Castillo Santa Barbra

Grab a light lunch on the way up the beach. You’re looking for the small cut into the mountain with a large door in it – the lift to the Castle. It is affordable and quick, for 2,70 euros you can zip up to the top of the hill in about 30 seconds.
Side Note: You can definitely hike up to the castle, and from all accounts it is a great hike, but make sure you check where you’re going. I followed a ‘shortcut’ given to me by a person living locally, and it landed me in what was almost certainly someone’s garden and on a section of the hill that was closed to the public! So pay attention to the signs, I gave up and jumped in the lift.
The Castillo is an awesome spot to explore, there are artefacts from as far back as the Bronze Age found on the slopes but the castle as we understand it was built in the 9th century CE, and was in pretty much constant use until after the 18th century when its use declined and at points was completely abandoned until 1963 when it was opened to the public.
Apart from the awesome history of the place, the visit is worthwhile just for the incredible view of Alicante from the highest walls of the castle. Though if you have a pacemaker you should avoid the absolute highest level as they use it for transmitters and there is a magnetic field up there, the lower sections are apparently fine however. There are two refreshment areas where snacks and beverages are available – including beer and ice cream, though I had my customary coffee in the shade. The informational signs are quite detailed though there are some guided tours if you want more detailed information, these are 3 euros per person.

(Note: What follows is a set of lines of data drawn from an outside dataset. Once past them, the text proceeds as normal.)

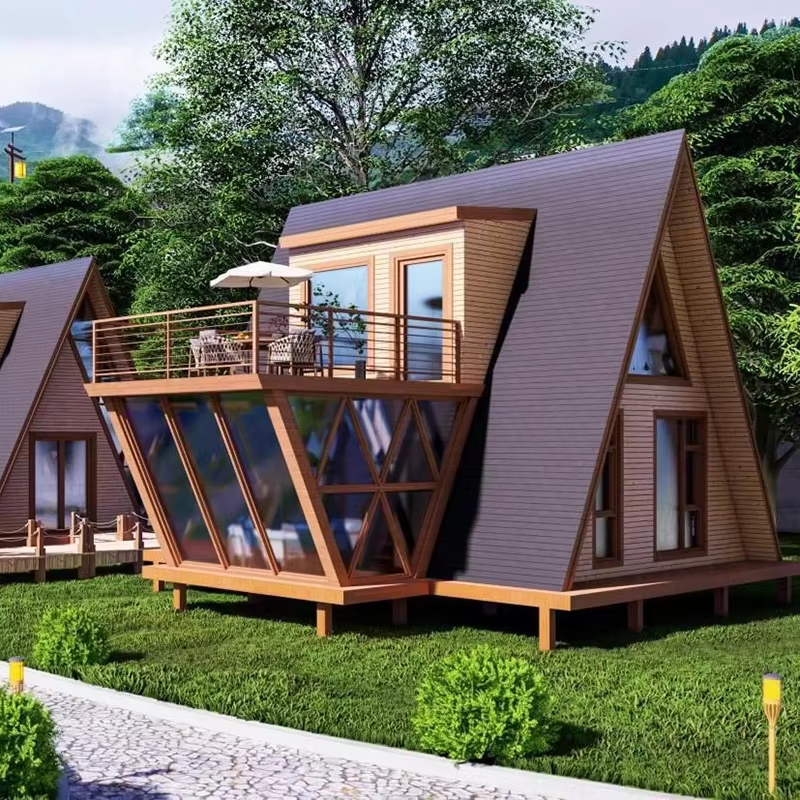 Insulated Pine Triangle Glamping House With Full Living Facilities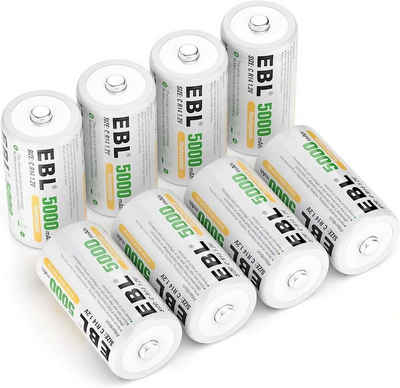 EBL Wiederaufladbare Batterie 2er Pack C Akku mit Aufbewahrungsbox Akku Baby C 5000 mAh (1,2 V), Ni-MH Typ C Akku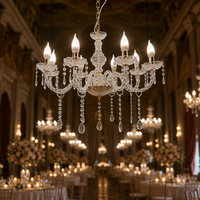 Décorations de plafond pour mariage, lustre en acrylique cristal, 8 têtes, luminaire suspendu LED, argent, or, pour mariage, fête, décoration de salle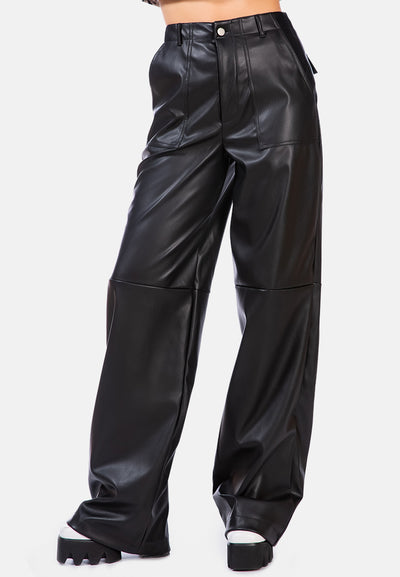 faux leather stitch detail panelled pants#color_black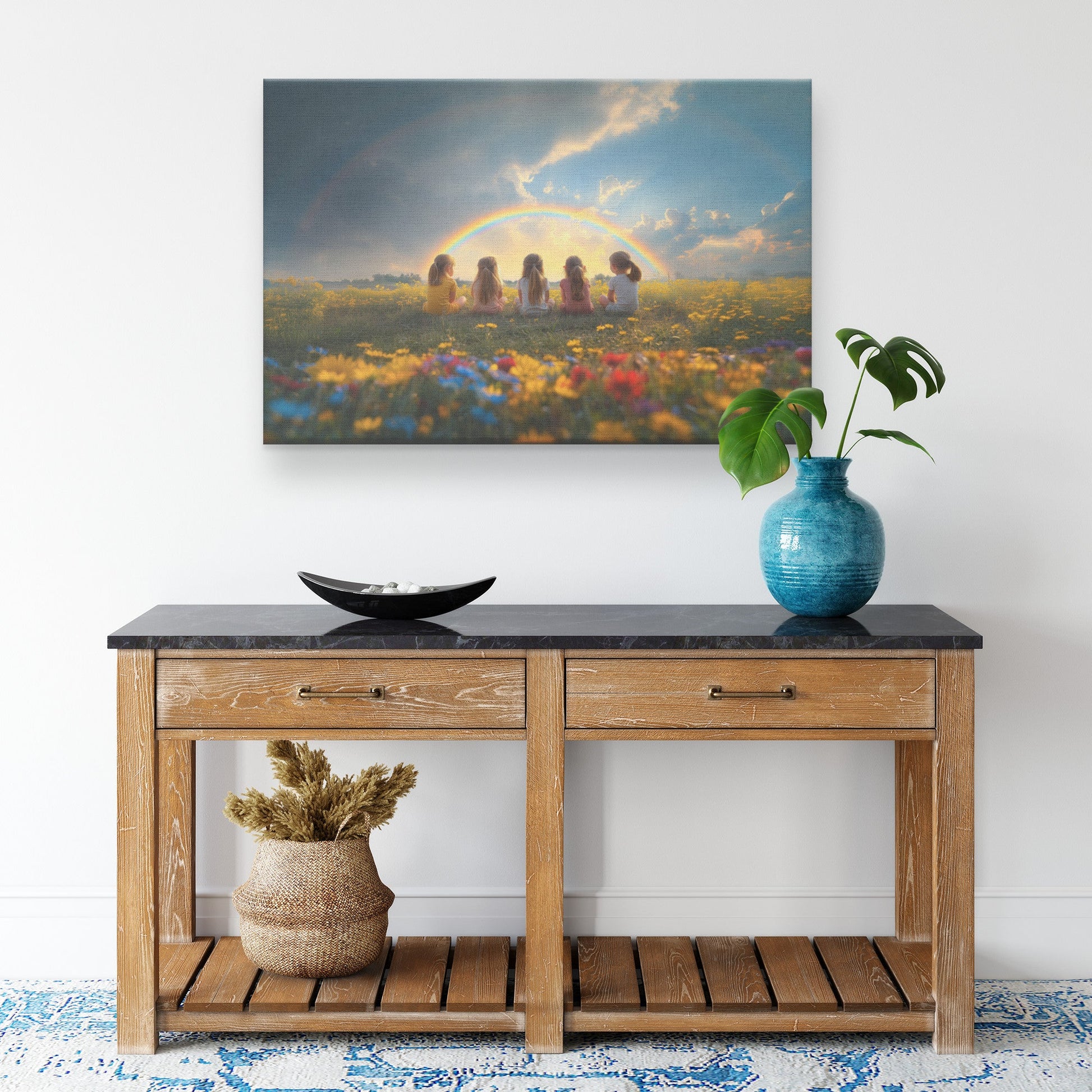 Children Sitting on Grass with Flower Field and Rainbow Canvas Wall Art Decor - Awakening Righteousness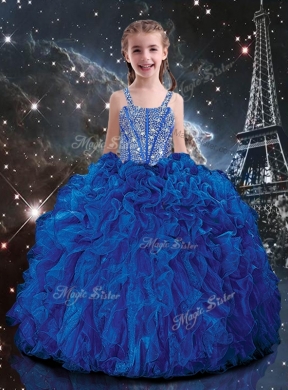 Hot Sale Ball Gown Straps Beading Mini Quinceanera Dresses in Blue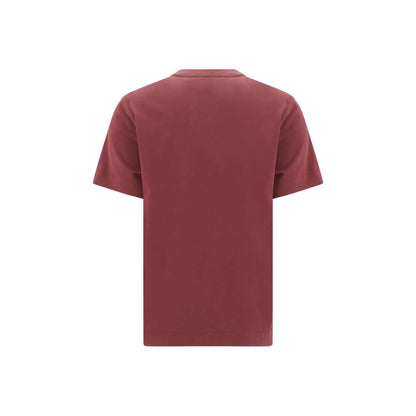 Back view of Brunello Cucinelli Bordeaux Cotton T-Shirt with jewel detail and ribbed crew neck.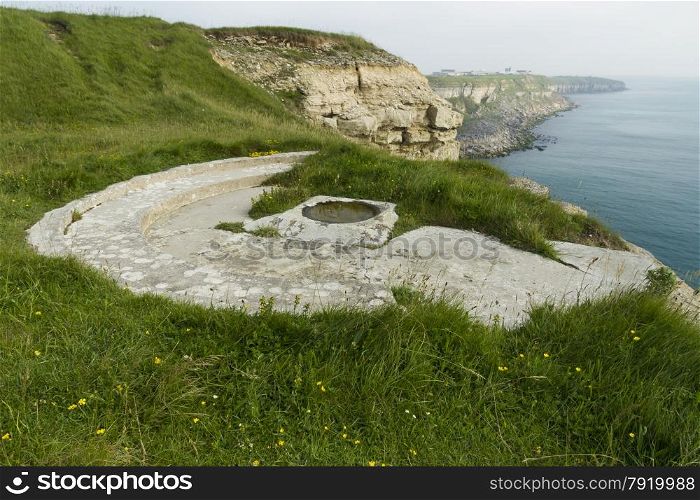 An emplacement for a 15 Pounder field gun, from WWII. Blacknor, Portland, Dorset, England, Europe.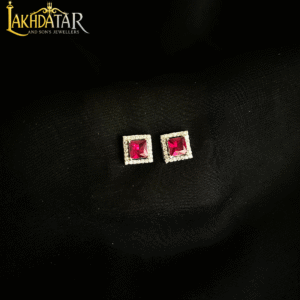 Elegant Square Stud Earrings with Ruby Red Stone and Diamond Halo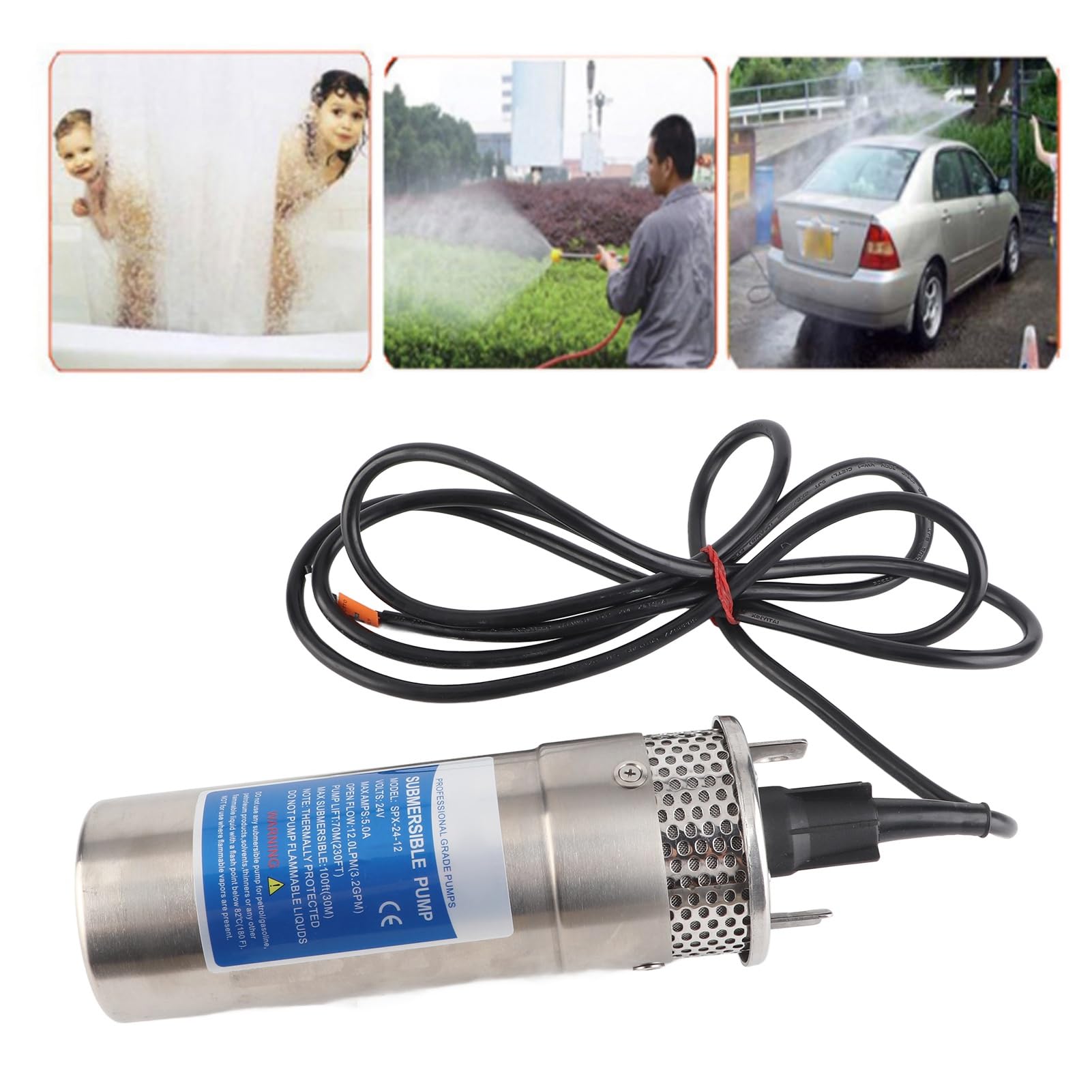 Wakects Bomba de Agua de Pozo Sumergible de 24 V, Bomba de Agua Solar de Acero Inoxidable 5 A 12 LPM 70 M de Cabeza Protección contra Funcionamiento en Seco para Estanque de Riego de Pozos Profundos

Alicante Beach – Playa de Postiguet

The afternoon is for the beach. Head back down in the lift and cross the road, generally the eastern end seemed quieter than the western end when I was there. The sand is pretty solid at the water’s edge with a smooth slope out in to the water so if you want to kick your shoes off and walk in the water to find your spot – go for it. The umbrellas are NOT free, even if there doesn’t seem to be an attendant around – I stopped and asked someone on them and discovered they were ten euros, but she didn’t know if that was for the whole day or just a few hours. Either way I declined. The sand is soft and fine – a towel or sarong will more than suffice. While the naturist beaches are further out of town there were plenty of people of all ages going topless and not one person seemed to care. There is of course your fair share of the tight and tanned but equally there were plenty of people outside the societal beauty norms kicking back and relaxing – so don’t feel any pressure on Playa de Postiguet.

An Alicante Weekend

There you have it, two days packed full of Alicante. There is plenty more to do, and if you are a beach bunny extraordinaire there are plenty of other beaches to visit. Obviously a weekend is quote a short trip but if you like to be busy, get stuff done, and don’t want to spend a whole week on the beach then I think it is a good amount of time to spend in Alicante. If you would like a physical copy of a map to take with you, the Michelin Map of Alicante Area is a good one (and on Book Depository you get free delivery!)

Alicante Must Sees

If you only see three things in Alicante you absolutely must visit the Castillo Santa Barbra, Alicante old Town, and the Alicante Museum of Archaeology (MARQ). The view, the history, and the best museum I have been to in a very long time.